In contrast, the Core Rulebook mentions AC hundreds of times. And that resulted in only 6 examples--the 4 examples that Aratorin provided and two more on pages 544 and 559--of the word "miss" used in the sense of missing an attack against AC. Thus, the absence of "miss" in the two discussions of trip failure is to be expected simply from the rarity of the word "miss."

However, when we expand to more topics, we find two more uses of the word "miss" in the failure sense. On page 51, under the description of Keen Eyes, the rulebook talks about missing a Perception check. On page 466-467, in a discussion about targetting an undetected creature, it mentions missing the creature. I presume these rules about missing also apply to trying to trip or shove the undetected creature. The similar discussion about targetting a hidden creature says "fail" rather than "miss."

However, let me add a question to the backswing argument. A critical failure on a Trip or Shove results in "You lose your balance, fall, and land prone." If using a weapon with an appropriate trait, you can drop the weapon to turn critical failure into regular failure. How does this affect the backswing? A character could fit Shove (critical failure dropping weapon), Interact (pick up weapon), and Shove (with same weapon) into one turn.

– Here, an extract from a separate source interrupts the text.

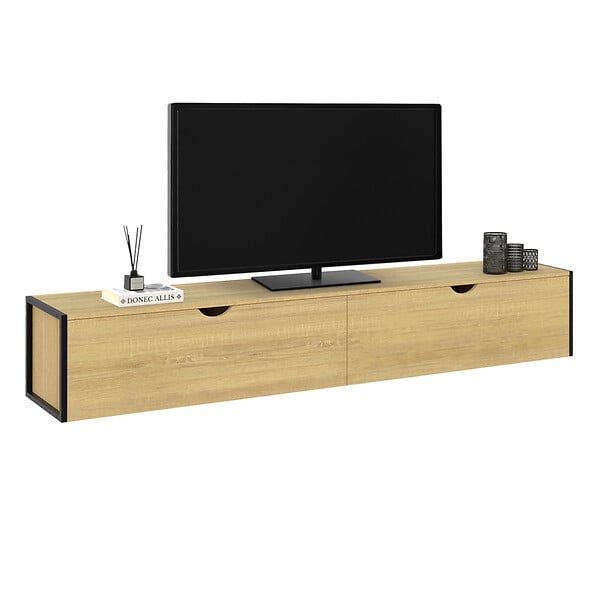 ID MARKET - Meuble TV 180 cm suspendu DETROIT 2 portes design industriel - large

Pathfinder Rulebook Subscriber
Coldermoss wrote:
If we're subscribing to the "maneuvers are attacks and therefore the check you use to make them is an attack roll" interpretation

I mean, that's just what the rules say, so yeah.

Mathmuse wrote:
How does this affect the backswing? A character could fit Shove (critical failure dropping weapon), Interact (pick up weapon), and Shove (with same weapon) into one turn.

That seems reasonable. Backswing's only requirements are that the attack come before the end of your turn and the attack must come from the same weapon. So... backswing should work in that scenario.


Squiggit wrote:
Coldermoss wrote:
If we're subscribing to the "maneuvers are attacks and therefore the check you use to make them is an attack roll" interpretation
I mean, that's just what the rules say, so yeah.

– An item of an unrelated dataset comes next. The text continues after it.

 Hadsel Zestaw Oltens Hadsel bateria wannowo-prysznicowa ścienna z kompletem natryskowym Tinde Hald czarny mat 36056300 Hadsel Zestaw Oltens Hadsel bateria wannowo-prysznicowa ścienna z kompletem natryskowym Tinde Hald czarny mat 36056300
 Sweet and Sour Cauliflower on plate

I just wish it was explicitly stated that skill checks can also be attack rolls. It's never said they're mutually exclusive, either, but that's hardly concrete evidence.

Shadow Lodge

Grab, Trip, etc. are tagged with the trait "Attack" -- it doesn't get more RAW than that.


RAW: I think no. A miss is what you get when you attack AC and fail. Trip etc. target a different DC.

RAI: I'd allow it. Balance-wise, Backswing is essentially half an Agile trait – it alleviates your MAP but only if you didn't hit with the first attack (and only with that particular weapon). So from that point of view, I'd allow it.


See, the fact we've had two separate people come into this thread saying "that's not how it works" should be evidence the rules could stand some clarification.


Pathfinder Rulebook Subscriber
Coldermoss wrote:
See, the fact we've had two separate people come into this thread saying "that's not how it works" should be evidence the rules could stand some clarification.

Yes, but not for the reason you stated.

The contention is over whether or not a failed Trip is a miss, not whether or not Trip is an attack.


Squiggit wrote:
Coldermoss wrote:
See, the fact we've had two separate people come into this thread saying "that's not how it works" should be evidence the rules could stand some clarification.

Yes, but not for the reason you stated.

The contention is over whether or not a failed Trip is a miss, not whether or not Trip is an attack.

Whether or not the athletics check made to trip is an attack *roll*. To answer one is to answer the other, or if not, at least it would be closer.